Exercise prompt
Only the lines that contain the string "Tesla" belong in the answer; pull them from the records.
*** Input records ***
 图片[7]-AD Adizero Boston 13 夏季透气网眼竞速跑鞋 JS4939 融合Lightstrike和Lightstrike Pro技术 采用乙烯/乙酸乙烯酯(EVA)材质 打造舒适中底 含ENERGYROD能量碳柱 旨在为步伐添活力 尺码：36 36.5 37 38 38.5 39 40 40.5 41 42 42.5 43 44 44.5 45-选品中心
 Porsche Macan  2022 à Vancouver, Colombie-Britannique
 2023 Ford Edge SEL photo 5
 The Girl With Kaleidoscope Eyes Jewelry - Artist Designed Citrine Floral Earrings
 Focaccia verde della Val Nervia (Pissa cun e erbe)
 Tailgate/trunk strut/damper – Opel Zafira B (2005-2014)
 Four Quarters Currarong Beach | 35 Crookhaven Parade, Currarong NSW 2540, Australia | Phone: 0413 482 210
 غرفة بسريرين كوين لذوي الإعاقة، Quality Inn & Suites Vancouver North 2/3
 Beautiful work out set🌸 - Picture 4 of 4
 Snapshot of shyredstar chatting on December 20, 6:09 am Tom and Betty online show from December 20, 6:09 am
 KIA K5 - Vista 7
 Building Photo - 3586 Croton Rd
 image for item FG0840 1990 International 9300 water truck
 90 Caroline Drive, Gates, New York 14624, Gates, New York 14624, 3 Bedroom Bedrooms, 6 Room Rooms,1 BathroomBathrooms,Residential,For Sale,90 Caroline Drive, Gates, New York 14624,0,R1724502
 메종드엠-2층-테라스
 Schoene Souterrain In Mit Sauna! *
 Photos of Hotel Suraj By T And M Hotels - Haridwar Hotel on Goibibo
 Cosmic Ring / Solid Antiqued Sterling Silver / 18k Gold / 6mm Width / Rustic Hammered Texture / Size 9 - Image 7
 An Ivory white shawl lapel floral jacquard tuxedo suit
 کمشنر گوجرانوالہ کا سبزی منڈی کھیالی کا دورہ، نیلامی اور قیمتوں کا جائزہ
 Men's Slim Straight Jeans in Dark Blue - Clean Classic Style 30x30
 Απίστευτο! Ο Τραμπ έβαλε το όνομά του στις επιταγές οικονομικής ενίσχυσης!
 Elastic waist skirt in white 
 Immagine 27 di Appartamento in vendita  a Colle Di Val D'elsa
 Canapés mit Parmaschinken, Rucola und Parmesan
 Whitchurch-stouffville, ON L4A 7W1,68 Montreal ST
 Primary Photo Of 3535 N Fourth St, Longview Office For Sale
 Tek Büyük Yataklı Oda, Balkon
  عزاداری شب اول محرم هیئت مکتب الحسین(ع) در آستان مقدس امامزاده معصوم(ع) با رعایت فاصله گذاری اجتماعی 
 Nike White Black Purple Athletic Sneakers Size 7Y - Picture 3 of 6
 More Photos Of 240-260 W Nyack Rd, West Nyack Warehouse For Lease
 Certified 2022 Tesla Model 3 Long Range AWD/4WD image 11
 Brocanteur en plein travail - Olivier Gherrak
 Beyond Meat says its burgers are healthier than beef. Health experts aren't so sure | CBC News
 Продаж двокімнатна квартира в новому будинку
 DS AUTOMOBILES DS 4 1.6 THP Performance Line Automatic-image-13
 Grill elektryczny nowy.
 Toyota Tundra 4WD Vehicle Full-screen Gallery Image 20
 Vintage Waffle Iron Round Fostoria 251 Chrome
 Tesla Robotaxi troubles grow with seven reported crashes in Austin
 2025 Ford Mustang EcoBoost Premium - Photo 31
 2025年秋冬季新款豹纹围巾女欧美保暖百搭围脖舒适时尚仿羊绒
*** End of Input records ***
Your solution
 Certified 2022 Tesla Model 3 Long Range AWD/4WD image 11
 Tesla Robotaxi troubles grow with seven reported crashes in Austin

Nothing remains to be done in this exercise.